As the xml_escape filter implies, post.content here appears in html. If I could get the raw content (imagine post.contentraw or such existed) then I could easily add a filter that would use pandoc with the "webtex" option to generate images for equations when parsing the RSS feed, e.g:

require 'pandoc-ruby'
module TextFilter
  def webtex(input)
    PandocRuby.new(input, "webtex").to_html
  end
end
Liquid::Template.register_filter(TextFilter)

But as I get content with the equations already rendered in html+mathjax instead of the raw markdown, I'm stuck. Converting back to markdown doesn't help, since it doesn't convert the mathjax (simply garbles it).

Any suggestions? Surely there's a way to call the raw markdown instead?

回答1:

Here's the trouble that I think you'll have: https://github.com/mojombo/jekyll/blob/master/lib/jekyll/convertible.rb https://github.com/mojombo/jekyll/blob/master/lib/jekyll/site.rb

From my reading, for a given post/page self.content is replaced by the result of running self.content through Markdown and Liquid, at line 79 in convertible.rb:

self.content = Liquid::Template.parse(self.content).render(payload, info)

Posts are rendered before pages, seen at lines 37-44 and 197-211 in site.rb:

def process
  self.reset
  self.read
  self.generate
  self.render
  self.cleanup
  self.write
end

... ...

def render
  payload = site_payload
  self.posts.each do |post|
    post.render(self.layouts, payload)
  end

  self.pages.each do |page|
    page.render(self.layouts, payload)
  end

  self.categories.values.map { |ps| ps.sort! { |a, b| b <=> a } }
  self.tags.values.map { |ps| ps.sort! { |a, b| b <=> a } }
rescue Errno::ENOENT => e
  # ignore missing layout dir
end

By the time you get to rendering this page, self.content has been rendered to HTML - so it isn't a case of stopping it rendering. It's already done.

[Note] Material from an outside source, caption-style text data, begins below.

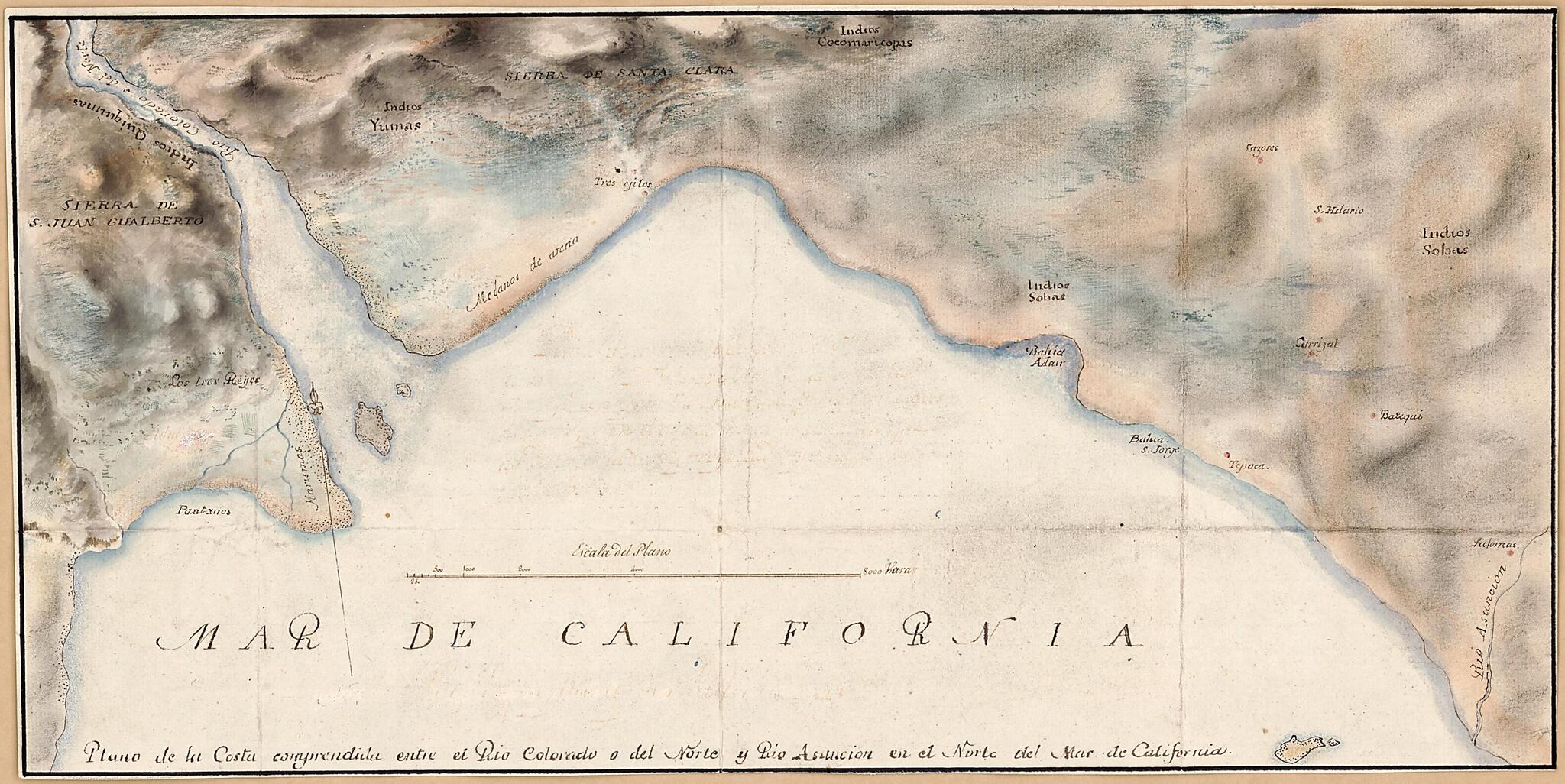 This old map of Plano De La Costa Comprendida Entre El Rio Colorado O Del Norte Y Rio Asunción En El Norte Del Mar De California from 1770 was created by in 1770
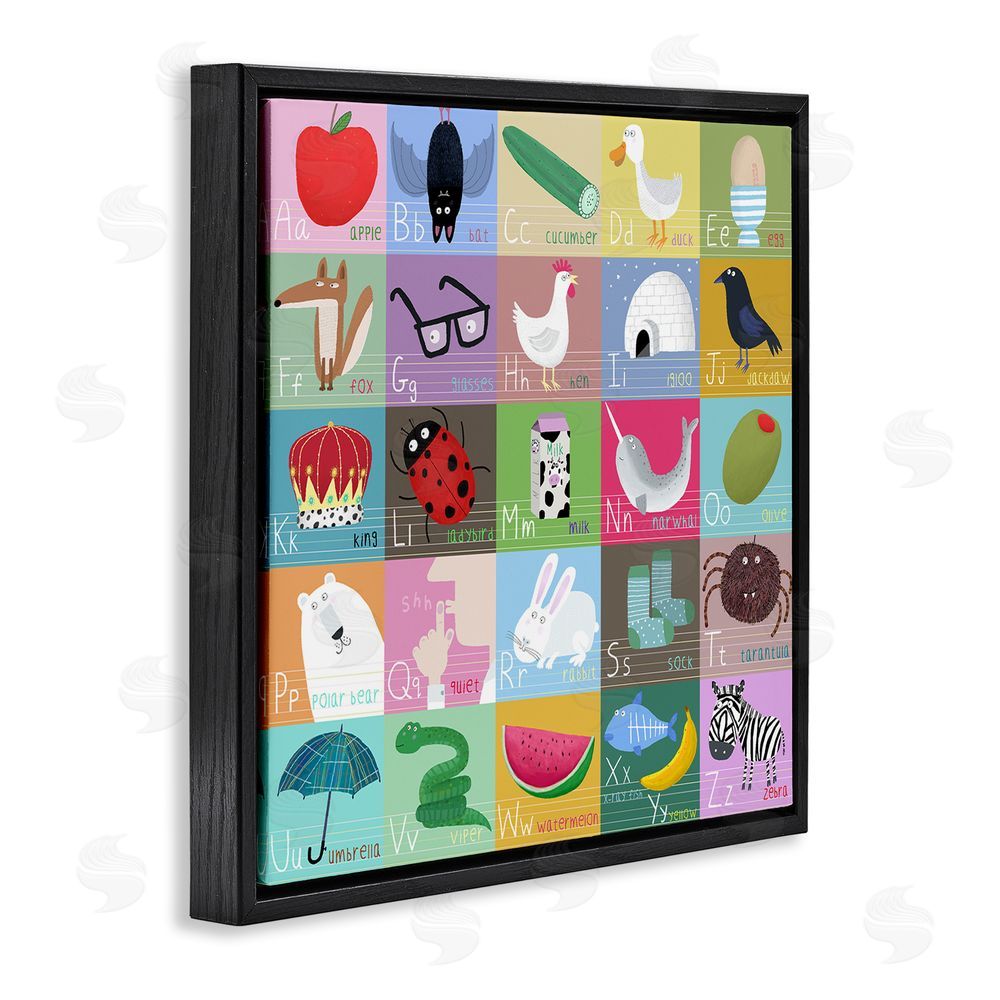 Carla Daly Alphabet Learning First Words Black Floating Frame Canvas Wall Art Print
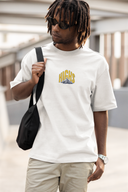 Ride The Highs Half Sleeve White Oversized T-Shirt for Men by Hello Swanky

However, Generators (https://github.com/mojombo/jekyll/wiki/Plugins) run before the render stage, so, as far as I can tell from reading the source, you should be able to fairly trivially write a generator which will duplicate self.content into some attribute (such as self.raw_content) which you can later access as raw Markdown in your templates {{ page.raw_content }}.